WHAT THE TASK ASKS » Give the data again exactly, without images.

SOURCE DATA »
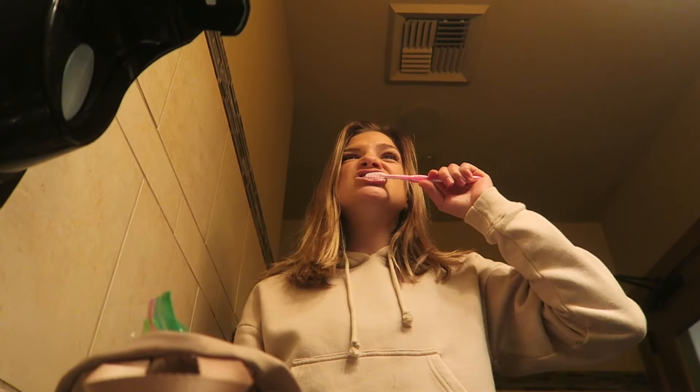Always remove your aligners before eating or drinking, and always brush your teeth before putting them back in. If you fail to do so, the food sitting on your teeth has bacteria that'll grow and creates cavities. If you brush your teeth, you're keeping them healthy and clean.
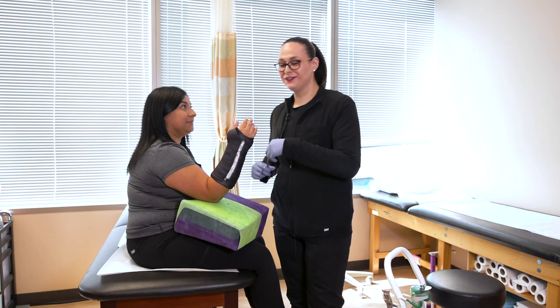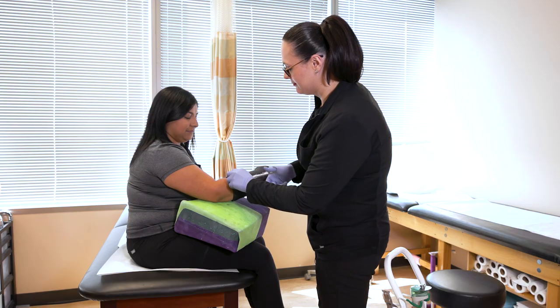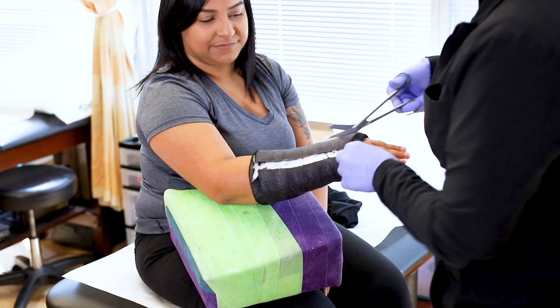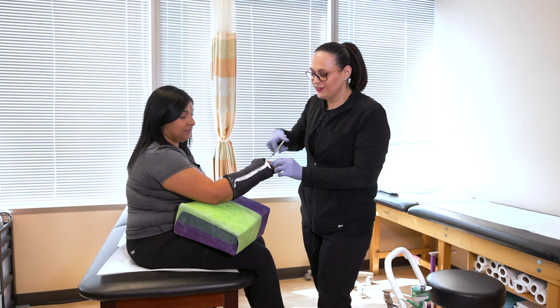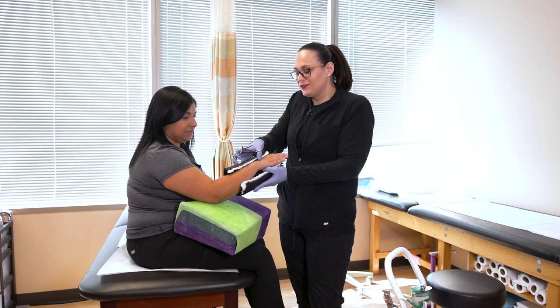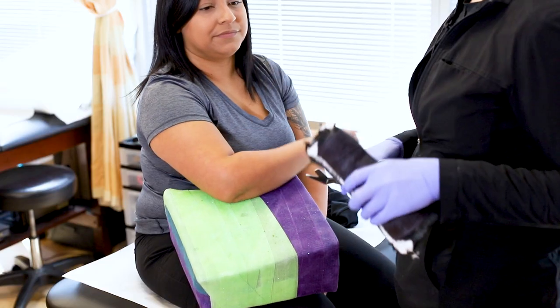Now we're ready to cut it off. All of this undercast padding that we put in prior to the fiberglass acts as a protection barrier between the cast saw and your skin. That's another reason you want to make sure you don't pick the cotton out — some patients do tend to do that over time — so remember, we need that cotton in place to protect your skin from the cast saw.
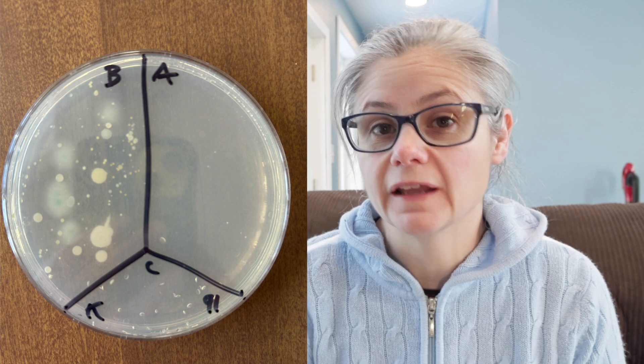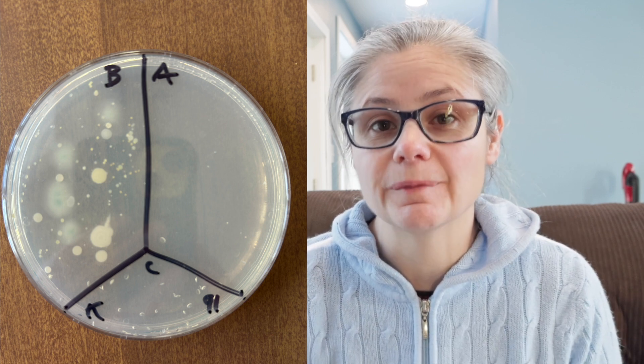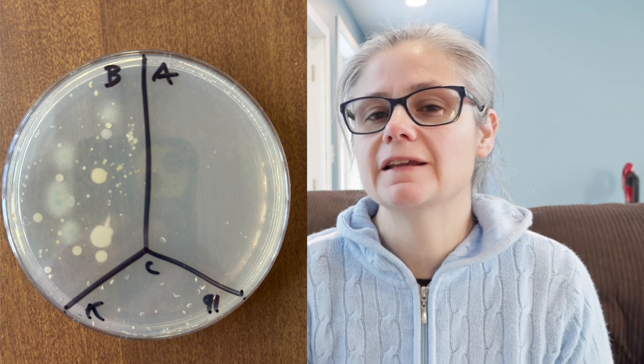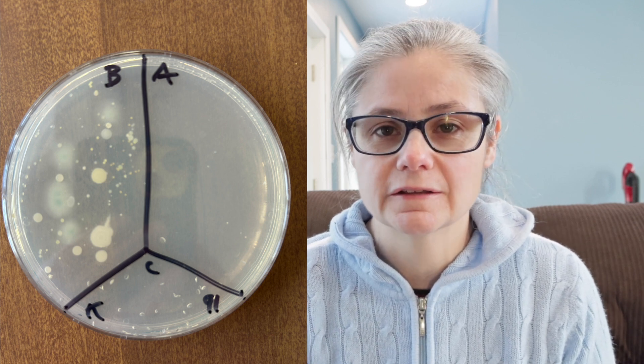Now let's look at the results. In the before section, we can see some bacteria and probably some mold growing there. There's a bunch of different types of growth on this plate — it's actually a really cool sampling of bacteria and probably mold from my floor. In the after section, there are maybe six or so tiny, tiny bacterial colonies. So the Bona did a pretty good job of removing the bacteria from my kitchen floor.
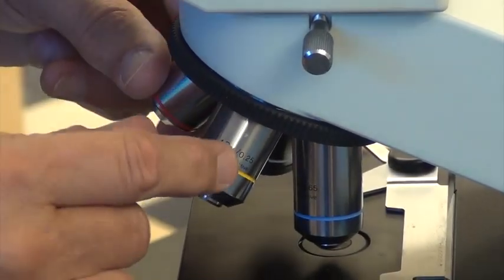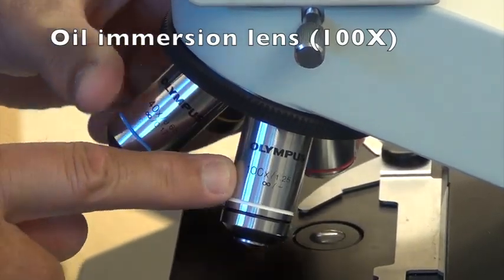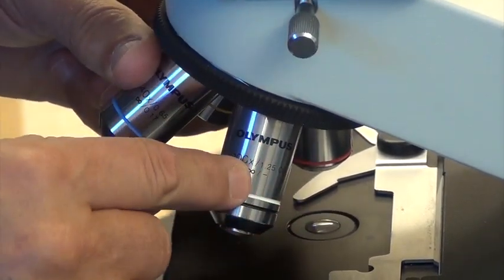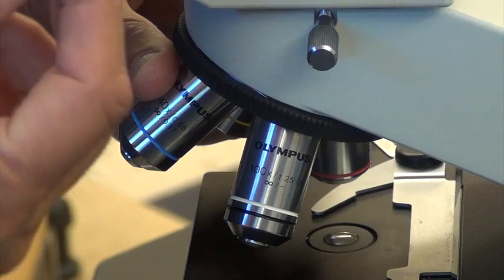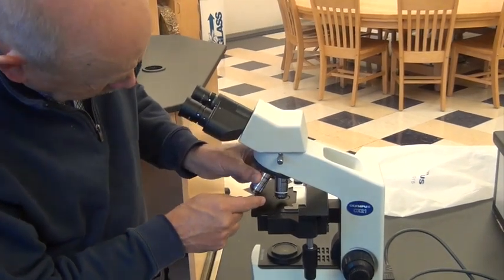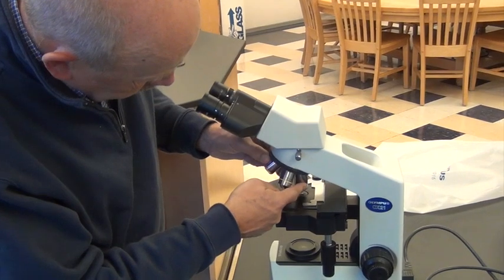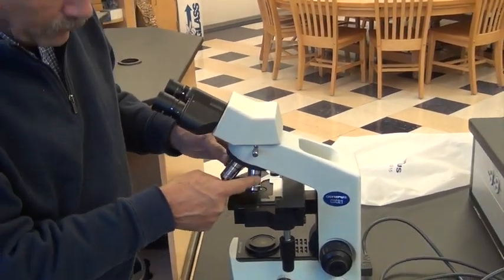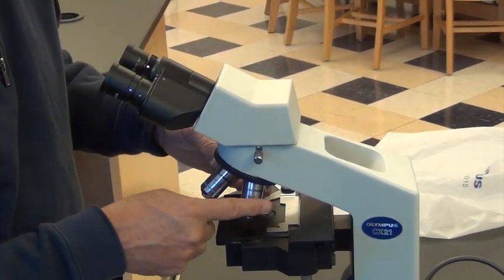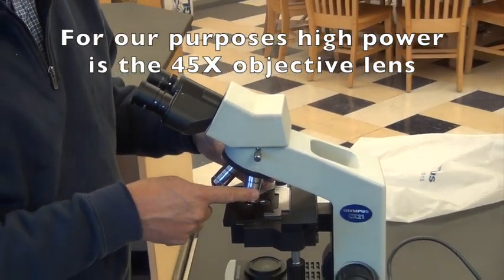To review, we have scanning, low, high, and then finally oil immersion, which is somewhere around 100x, sometimes a little less. It needs a drop of oil — almost a liquid lens — to allow it to be that powerful. There's not much room even at high power, so the only thing that would allow this to be more powerful is something bendable like a liquid, and it's a special oil. We will not use that lens objective very often, generally only for bacteria.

ANSWER FOR THIS EXERCISE »
Always remove your aligners before eating or drinking, and always brush your teeth before putting them back in. If you fail to do so, the food sitting on your teeth has bacteria that'll grow and creates cavities. If you brush your teeth, you're keeping them healthy and clean.
Now we're ready to cut it off. All of this undercast padding that we put in prior to the fiberglass acts as a protection barrier between the cast saw and your skin. That's another reason you want to make sure you don't pick the cotton out — some patients do tend to do that over time — so remember, we need that cotton in place to protect your skin from the cast saw.
Now let's look at the results. In the before section, we can see some bacteria and probably some mold growing there. There's a bunch of different types of growth on this plate — it's actually a really cool sampling of bacteria and probably mold from my floor. In the after section, there are maybe six or so tiny, tiny bacterial colonies. So the Bona did a pretty good job of removing the bacteria from my kitchen floor.
To review, we have scanning, low, high, and then finally oil immersion, which is somewhere around 100x, sometimes a little less. It needs a drop of oil — almost a liquid lens — to allow it to be that powerful. There's not much room even at high power, so the only thing that would allow this to be more powerful is something bendable like a liquid, and it's a special oil. We will not use that lens objective very often, generally only for bacteria.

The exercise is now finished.